The median optimization performance results suggest that the presence of pessimism in asynchronous policies provides more time and material efficient optimizations. Additionally, the narrower convergence in the inner quartile range across trials suggests these results can be achieved more consistently than realistic or serial methods. Despite achieving a lower global accuracy, the pessimistic policy more quickly reaches an accurate estimate of near-optimal conditions than serial policies, shown in SI Fig. S5. Increasing the range of pessimistic prediction policies can further increase the consistency with which campaigns reach optimal conditions. Additionally, the greatest algorithm improvement is observed after the inclusion of a single pessimistic prediction, i.e. one buffer length for the pessimistic, ascending pessimism, and descending pessimism policies. Significant improvements are observed with modest additions of pessimistic predictions, while realistic predictions either have no impact or decreased algorithm performance. Shown in SI Fig. S6 and Section S.2, the constant buffer length implementation outperformed a simulated scenario where buffer lengths are changing dynamically between zero and the specified buffer throughout the optimization. Additionally, the prediction of pessimism near predicted optima is shown to be important, as the introduction of randomized pessimism on a realistic buffer policy performed significantly worse than the pessimistic policy.

Similar trends are observed across both pessimistic and realistic policies when varying the exploration constant across five different values, as shown in SI Fig. S1. Pessimism generates the most significant improvement over serial sampling when lower exploration constants are used, and it influences experimental efficiency less significantly when higher exploration constants are used. For the two lowest value exploration constants tested, the serial policy quickly plateaued and reached a loss approximately 16 times higher than any of the pessimistic buffer policies.
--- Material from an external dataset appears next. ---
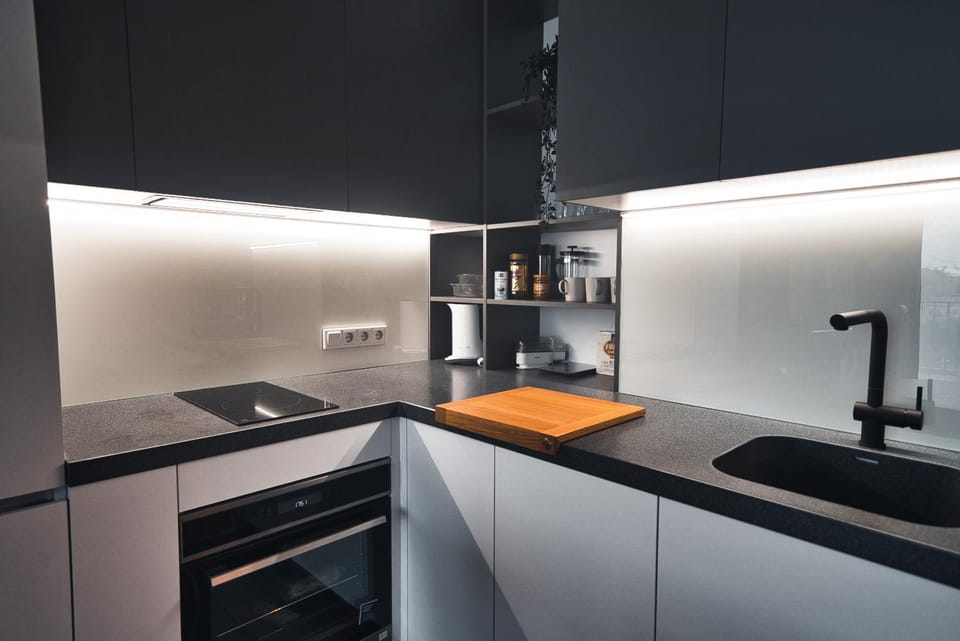 Kitchen or kitchenette, dishwasher, stove, kitchen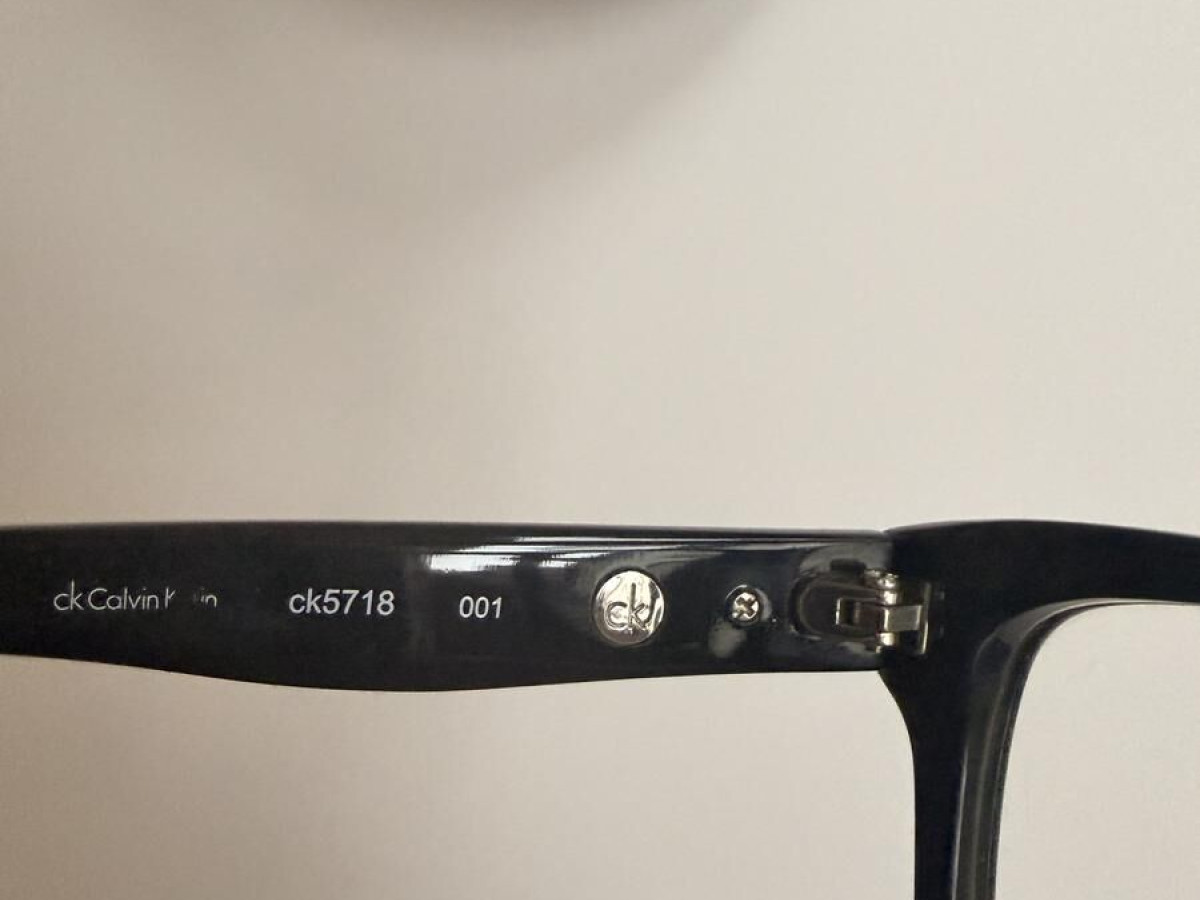 Calvin Klein - ck5718 001 55&curren;17 135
For the middle exploration constant value, the serial policy demonstrated improvement with increasing experiments and reached a loss approximately 1.6 times higher than any of the pessimistic policies. However, for the two highest exploration constant values, the serial policy reached a similar loss to the pessimistic policies. The greatest discrepancy occurred between the serial and nine pessimistic buffer policies at the highest exploration constant value, where the serial policy reached a 33% lower loss. The inverse relationship between exploration constant values and the performance advantage of the pessimistic policy suggests that forced exploration may be one of the mechanisms that improve optimization efficiency.
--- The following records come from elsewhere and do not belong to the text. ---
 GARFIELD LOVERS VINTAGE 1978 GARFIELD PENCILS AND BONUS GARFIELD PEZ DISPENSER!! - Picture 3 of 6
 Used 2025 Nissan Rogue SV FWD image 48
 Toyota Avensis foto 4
More interestingly, pessimistic policies were more robust to the selection of the exploration term than the realistic policies. Across all tested exploration constant values, the one and two buffer length realistic policies performed similarly to the serial policy. The four and nine buffer length realistic policies, however, demonstrated substantial performance drops, particularly in the scenarios where the serial policy performed well. At the highest exploration constant value, for example, the nine-buffer realistic policy reached an order of magnitude higher loss. Due to the sensitivity of the design space towards the exploration constant, the advantage of pessimism with better tuned hyperparameters is unclear. With this in mind, a logarithmic increasing λ value policy, which in some scenarios outperforms fixed constants, was benchmarked on the pessimistic and realistic policies. Shown in SI Fig. S2, when a more robust and dynamic exploration term is used, the improvement of pessimism over realistic policies is reduced further, indicating that higher exploration rates reduce the relative effectiveness of the pessimistic policy.
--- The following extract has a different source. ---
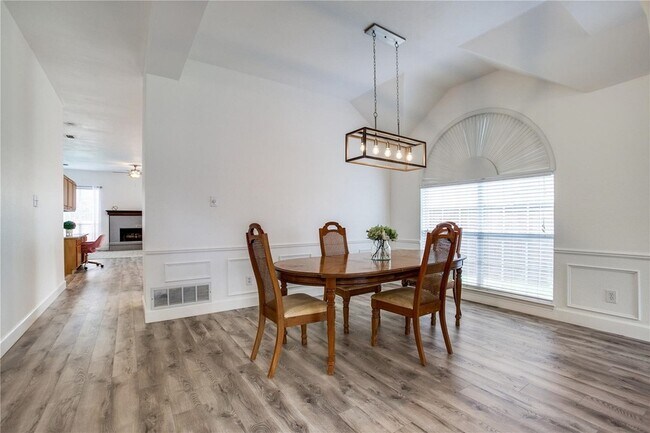 Foto del edificio - 3306 Ashleaf Dr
Applying pessimism with dynamic exploration terms on high complexity surfaces and very low complexity surfaces generates negligible improvement for most conditions, shown in SI Fig. S2. Using the dynamic exploration term across all ground truth functions, with the one exception of the very simple surface function Trid, the pessimistic policy performed either equivalently or better than serial and realistic policies as a function of experiment number. No discernable difference could be identified between serial, realistic, and pessimistic policies for the Ackley, Michalewicz, and Schewefel functions for all buffer lengths, except the nine-buffer realistic policy on Ackley. All simulation campaigns, however, achieved poor performance on these complex surface functions, suggesting more detailed analyses may be necessary before drawing conclusions. As shown in SI Fig. S3, the dynamic exploration term policies performed worse than, or equal to, random sampling for the very low complexity ground truth, Trid, and high complexity ground truths, Michalewicz and Schewefel. In all scenarios where the decision policies outperformed random sampling, the pessimistic policy generated a substantial improvement in performance at the highest tested buffer length. When comparing all buffer lengths by experimental time rather than number, the pessimistic policy significantly outperforms serial sampling.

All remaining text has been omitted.